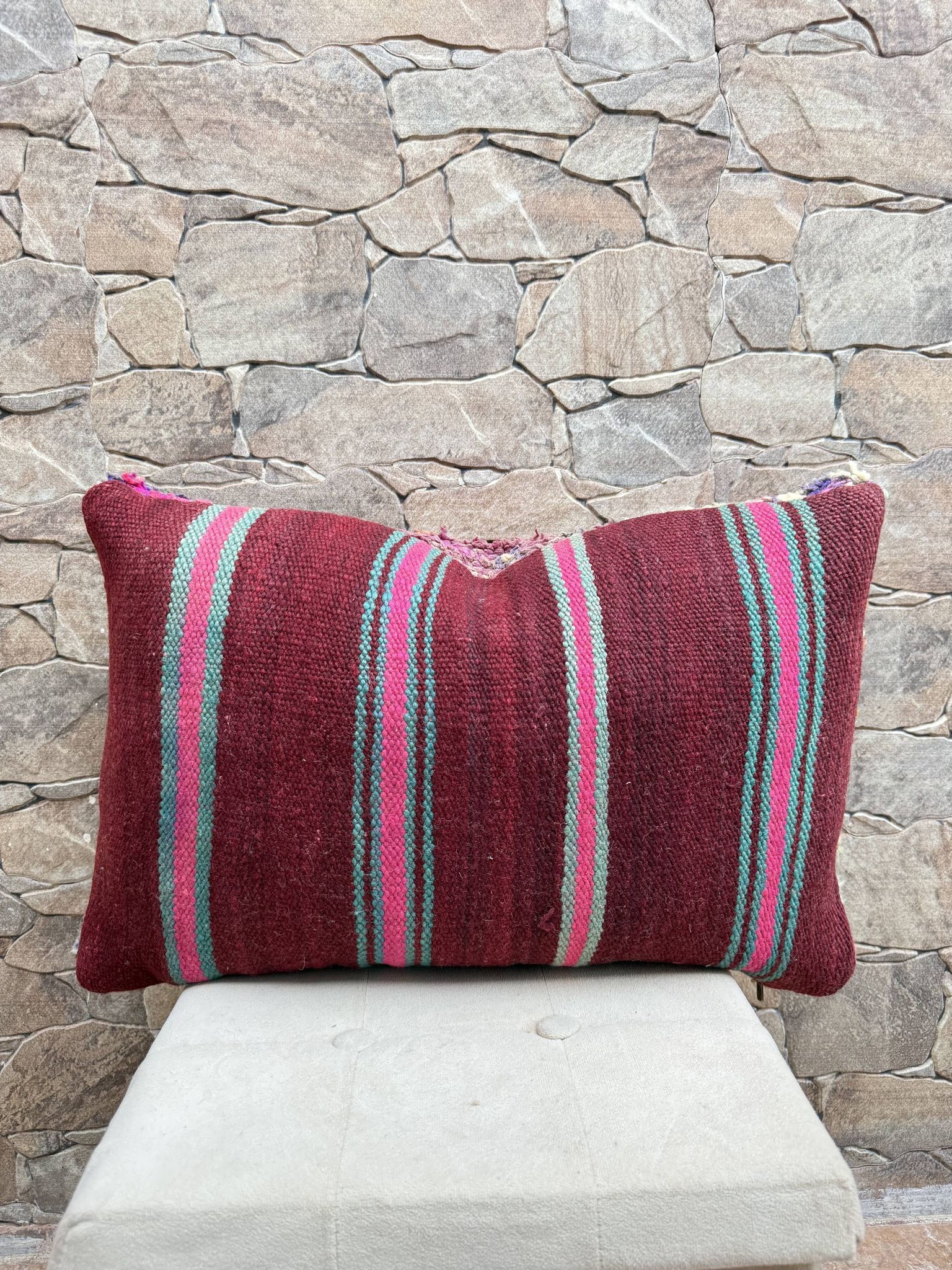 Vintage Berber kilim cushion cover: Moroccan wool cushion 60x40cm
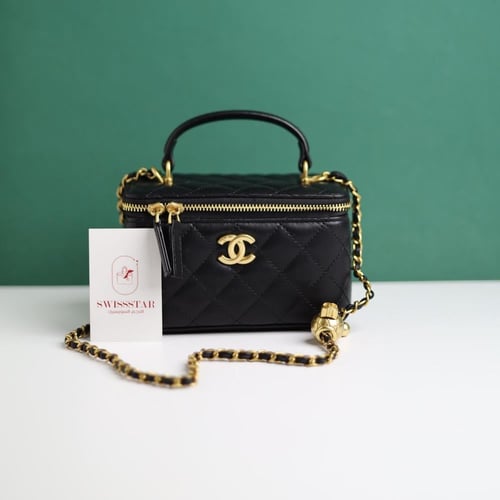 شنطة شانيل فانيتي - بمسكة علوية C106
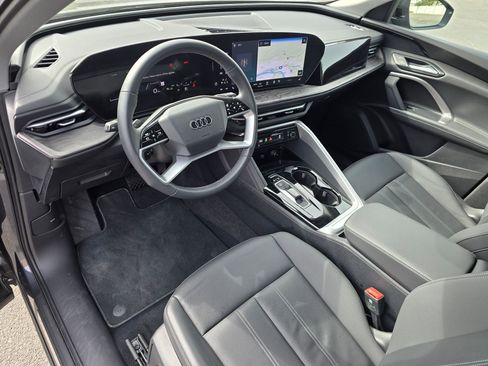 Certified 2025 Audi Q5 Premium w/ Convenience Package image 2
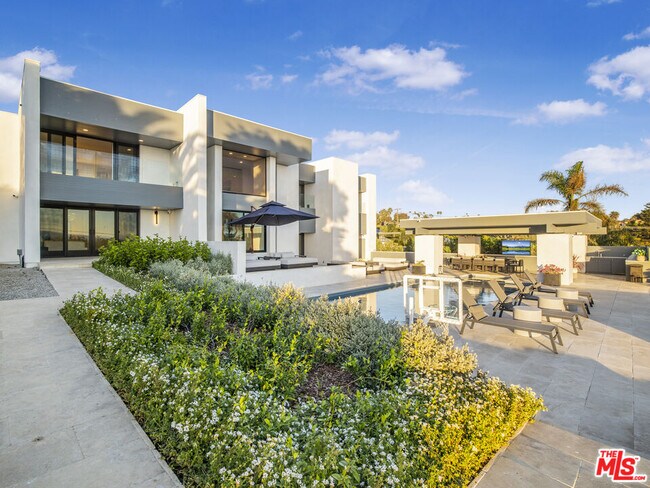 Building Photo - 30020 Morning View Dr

◆ ◆ ◆ ◆ ◆ ◆ ◆

**Task to carry out:** Reproduce the data above in full, exactly, with the images removed.

**Exercise answer:**
 Vintage Berber kilim cushion cover: Moroccan wool cushion 60x40cm
 شنطة شانيل فانيتي - بمسكة علوية C106
 Certified 2025 Audi Q5 Premium w/ Convenience Package image 2
 Building Photo - 30020 Morning View Dr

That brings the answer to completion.